» Task to complete: The entries below contain a stretch that opens with the line containing "Carte De Visite" and closes with the line containing "Нова седмица –"; set down that stretch exactly, both ends included, and nothing else.

» Records provided:
----------
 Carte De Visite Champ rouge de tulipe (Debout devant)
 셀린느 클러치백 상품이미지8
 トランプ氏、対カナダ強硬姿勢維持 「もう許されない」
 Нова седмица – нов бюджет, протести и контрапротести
----------
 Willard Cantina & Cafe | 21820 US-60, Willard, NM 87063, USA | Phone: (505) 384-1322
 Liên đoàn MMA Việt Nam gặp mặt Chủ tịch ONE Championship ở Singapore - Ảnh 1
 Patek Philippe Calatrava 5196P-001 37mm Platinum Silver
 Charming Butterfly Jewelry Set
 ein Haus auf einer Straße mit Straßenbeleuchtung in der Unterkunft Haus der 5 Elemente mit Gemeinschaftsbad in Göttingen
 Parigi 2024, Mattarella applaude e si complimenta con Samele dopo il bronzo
----------
» Exercise output:
 Carte De Visite Champ rouge de tulipe (Debout devant)
 셀린느 클러치백 상품이미지8
 トランプ氏、対カナダ強硬姿勢維持 「もう許されない」
 Нова седмица – нов бюджет, протести и контрапротести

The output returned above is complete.